As of December 31, 2011, 2010 and 2009, shareholders’ equity included deferred compensation obligations of $3.6 million, $2.7 million and $2.4 million, respectively, and corresponding amounts for treasury stock.

 

Restricted Stock Units

 

A restricted stock unit entitles the grantee to receive a share of common stock upon the vesting of the restricted stock unit or, at the discretion of the Committee, the cash equivalent of the fair market value of a share of common stock. The Committee determines the time period over which restricted stock units granted to employees and directors will vest. In addition, all restricted stock units will vest upon a change of control of the Company. If an employee’s employment with us or our affiliates terminates for any reason other than death, disability or retirement after becoming retirement eligible, the grantee’s restricted stock units will be automatically forfeited unless, and to the extent, the Committee provides otherwise. Restricted stock units generally vest over a three-year period, with one-third vesting in each year. The Committee, in its discretion, may grant tandem dividend equivalent rights with respect to restricted stock units. A dividend equivalent right is a right to receive an amount in cash equal to, and 30 days after, the cash dividends made with respect to a share of common stock during the period such restricted stock unit is outstanding.

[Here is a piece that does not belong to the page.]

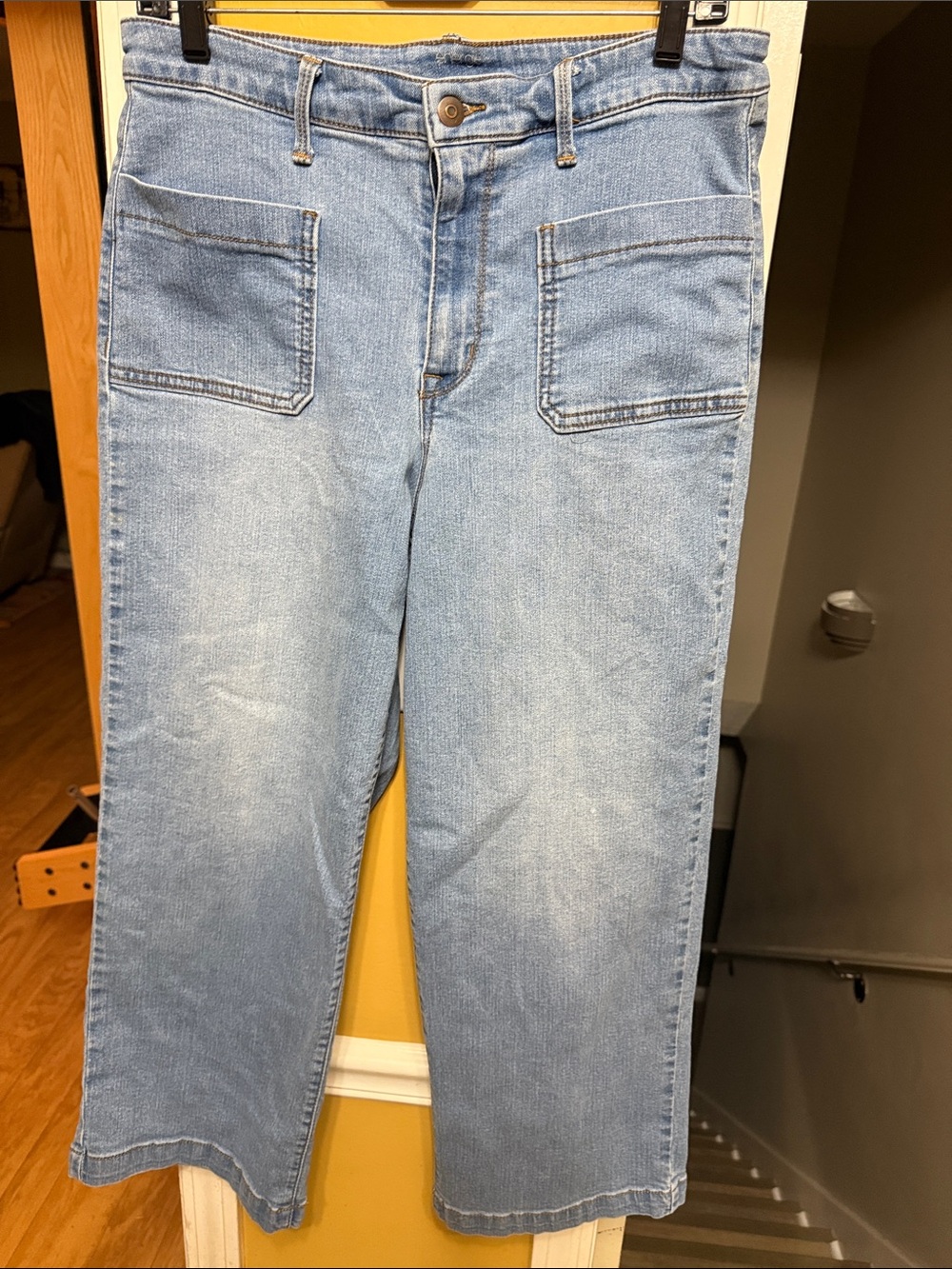 Energie Light Wash Wide-Leg Capri Jeans with Front Patch Pockets Retro 70’sstyle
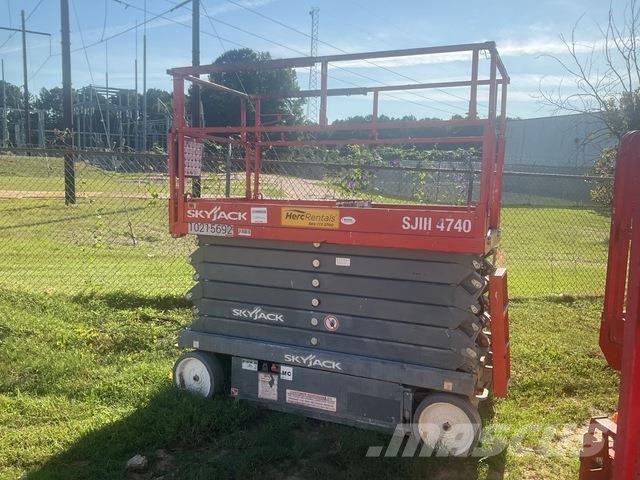 SkyJack SJIII 4740 Schaarhoogwerkers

Payments of dividend equivalent rights associated with restricted stock units that are expected to vest are recorded as dividends; payments associated with restricted stock units that are not expected to vest are recorded as compensation expense.

 

 

The following table summarizes activity for our most recent fiscal year with respect to awarded restricted stock units:

 

          Weighted-Average  
    Restricted Stock     Grant Date  
    Units     Fair Value  
Balance at beginning of year 1     72,215     $ 18.77  
Granted     78,763       17.14  
Vested     (51,152 )     18.38  
Balance at end of year 1     99,826     $ 18.10  

 

1 Excludes 61,344 units at both the beginning and end of year that have vested due to retirement eligibility, but have not yet been settled or converted to common shares.

 

As of December 31, 2011, we had $1.4 million of unrecognized compensation cost attributable to nonvested restricted stock units. We expect that cost to be recognized over a weighted-average period of 0.8 years. The total grant-date fair values of restricted stock units that vested in 2011, 2010 and 2009 were $0.9 million, $0.9 million and $0.6 million, respectively.